### Problem to solve
Beginning at the top of the data below, restate every line word for word until the line containing "An ICE train" has been included, and omit the pictures.
== Segment start ==
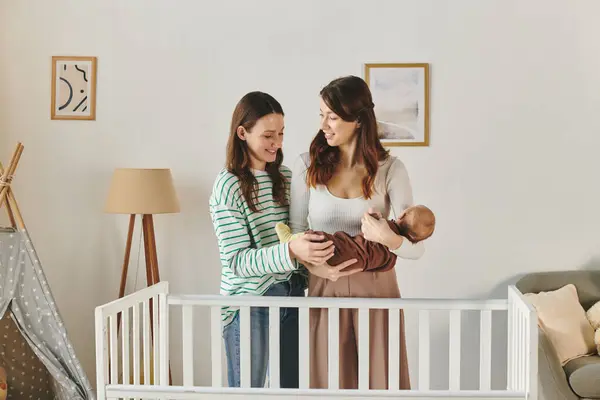 Two loving mothers joyfully bond with their baby in a cozy home setting celebrating Mothers Day. — Stock Photo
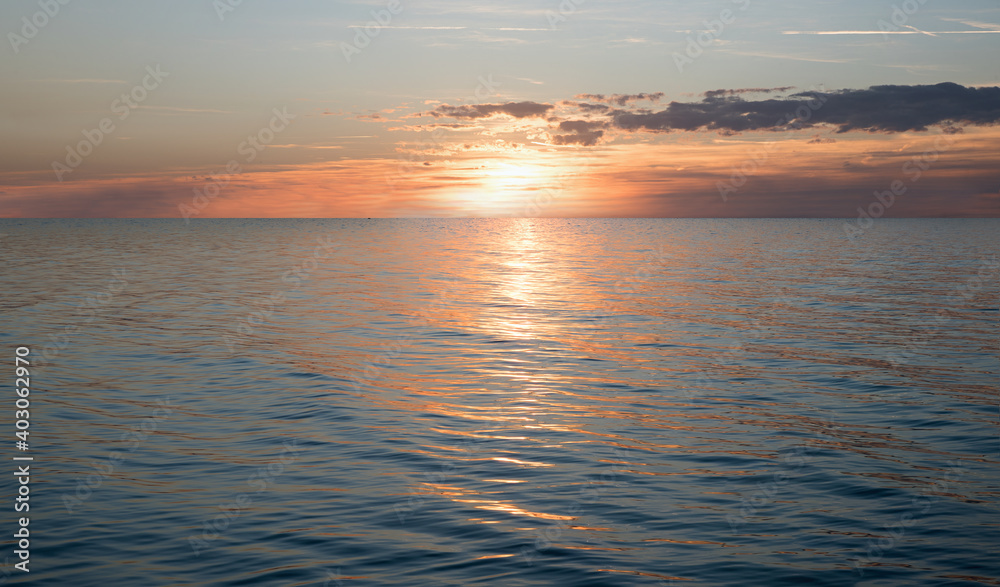 Obraz premium dreamy sunset scenery with sinking sun over the ocean and water reflection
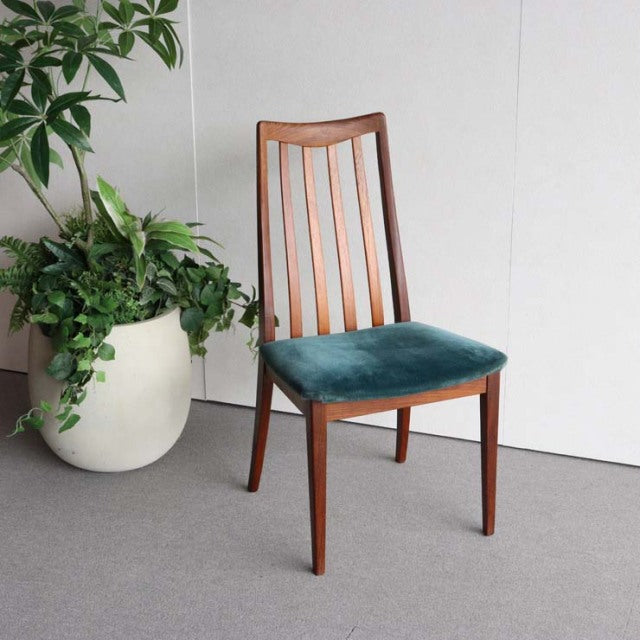 Mid-century British G-Plan teak chair with vertical slatted back and teal velvet seat cushion, vintage wood grain visible.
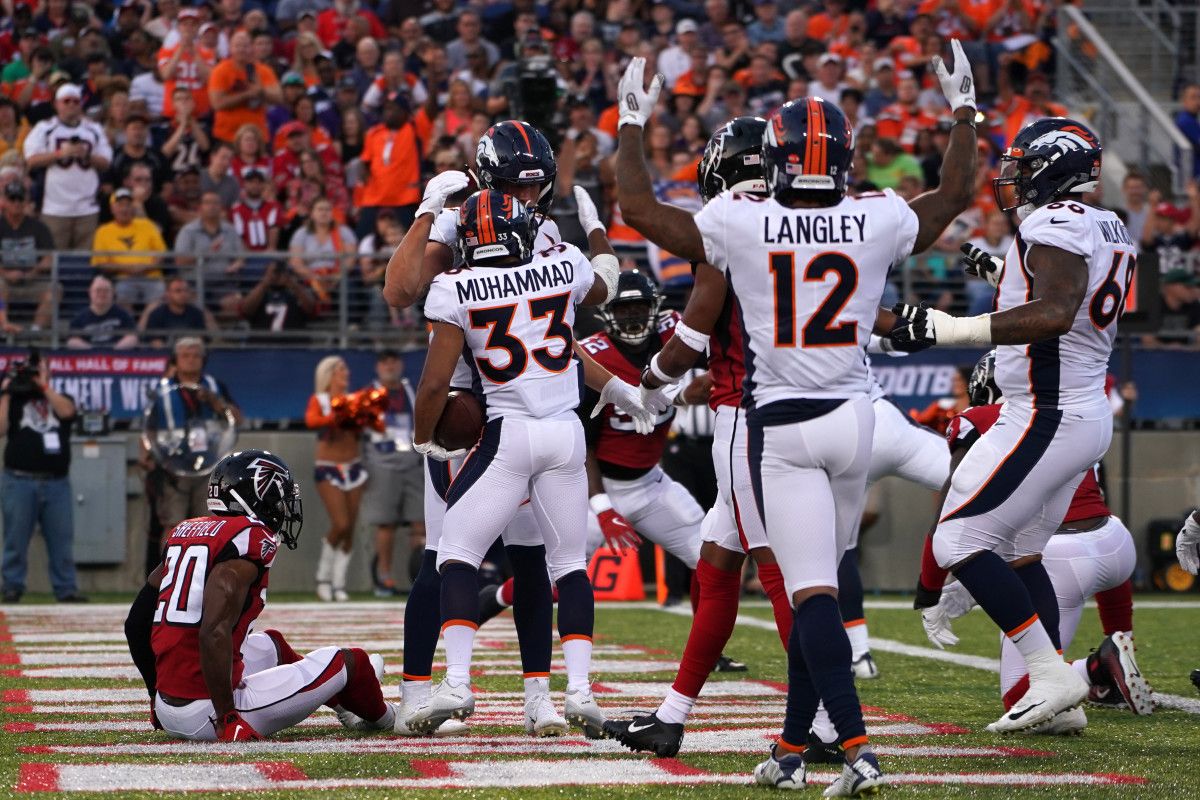 Broncos RB Khalfani Muhammad celebrates his first-quarter TD vs. Atlanta.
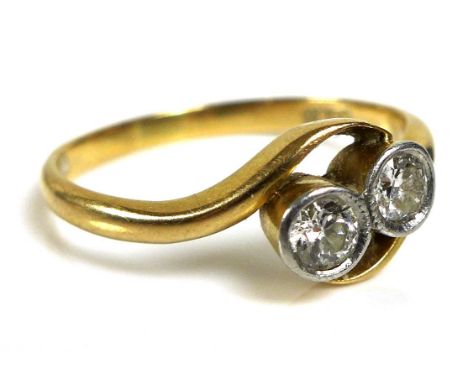 An 18ct gold and two stone diamond ring, size O/P, 2.7g. 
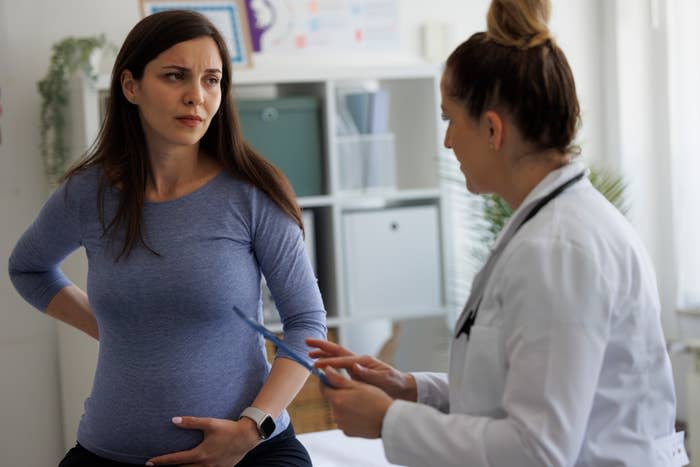 Pregnant woman consults with a doctor in an office setting. The woman is in casual attire, while the doctor wears a white coat. 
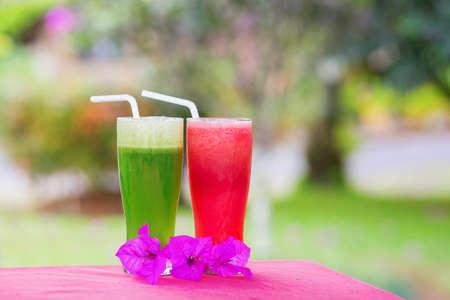 Fresh organic watermelon and cucumber juices with flowersの写真素材
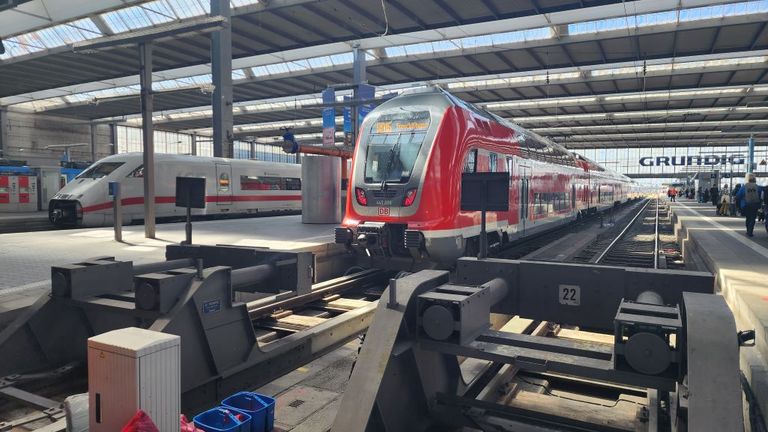 An ICE train and a smart new Regio train await departure on a glorious day for rail travel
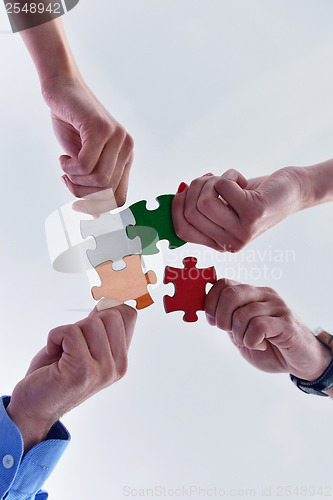 Image of Group of business people assembling jigsaw puzzle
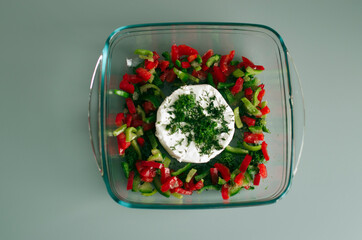 Vegetables with cheese. Vegetables with camembert cheese. Salad with soft cheese.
== Segment end ==
### Result for this exercise
 Two loving mothers joyfully bond with their baby in a cozy home setting celebrating Mothers Day. — Stock Photo
 Obraz premium dreamy sunset scenery with sinking sun over the ocean and water reflection
 Mid-century British G-Plan teak chair with vertical slatted back and teal velvet seat cushion, vintage wood grain visible.
 Broncos RB Khalfani Muhammad celebrates his first-quarter TD vs. Atlanta.
 An 18ct gold and two stone diamond ring, size O/P, 2.7g. 
 Pregnant woman consults with a doctor in an office setting. The woman is in casual attire, while the doctor wears a white coat. 
 Fresh organic watermelon and cucumber juices with flowersの写真素材
 An ICE train and a smart new Regio train await departure on a glorious day for rail travel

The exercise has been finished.